§ **WHAT TO DO**
Restate the data below word for word. Leave the images out.

§ **Dataset records**
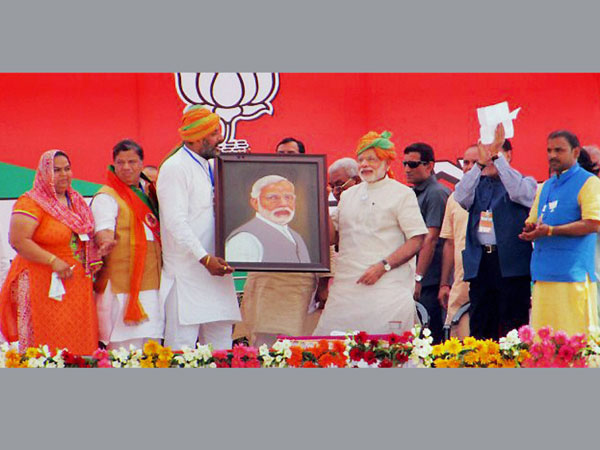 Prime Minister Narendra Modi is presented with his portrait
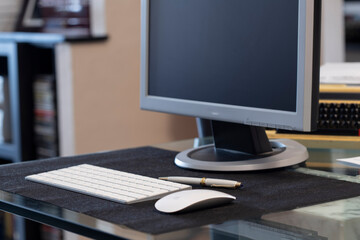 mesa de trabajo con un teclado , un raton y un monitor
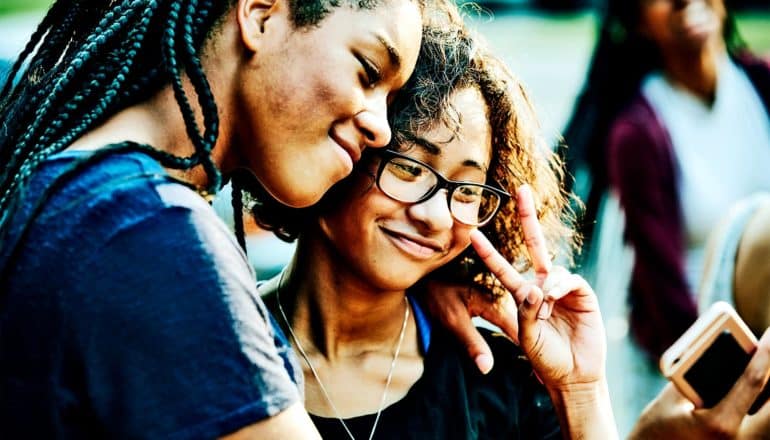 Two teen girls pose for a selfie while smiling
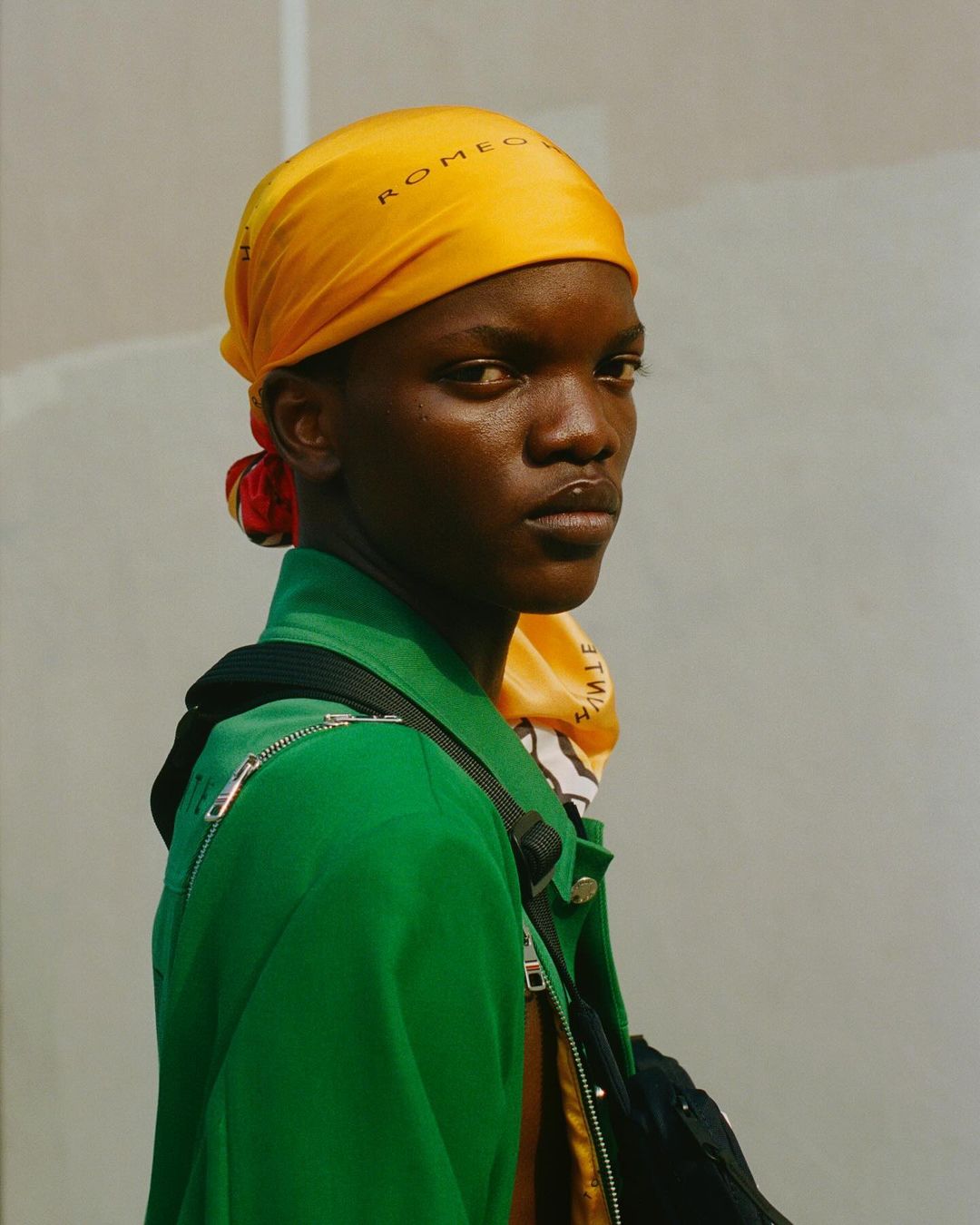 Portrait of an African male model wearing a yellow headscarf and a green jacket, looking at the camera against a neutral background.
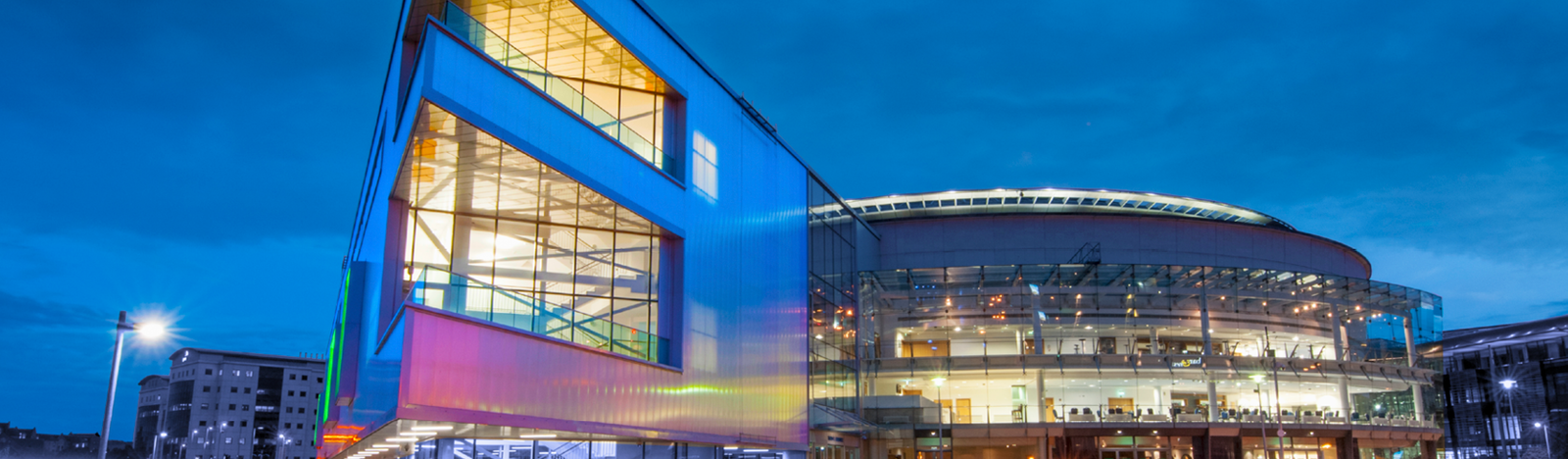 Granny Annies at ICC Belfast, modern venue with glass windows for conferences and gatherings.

§ **PROBLEM SOLUTION**
 Prime Minister Narendra Modi is presented with his portrait
 mesa de trabajo con un teclado , un raton y un monitor
 Two teen girls pose for a selfie while smiling
 Portrait of an African male model wearing a yellow headscarf and a green jacket, looking at the camera against a neutral background.
 Granny Annies at ICC Belfast, modern venue with glass windows for conferences and gatherings.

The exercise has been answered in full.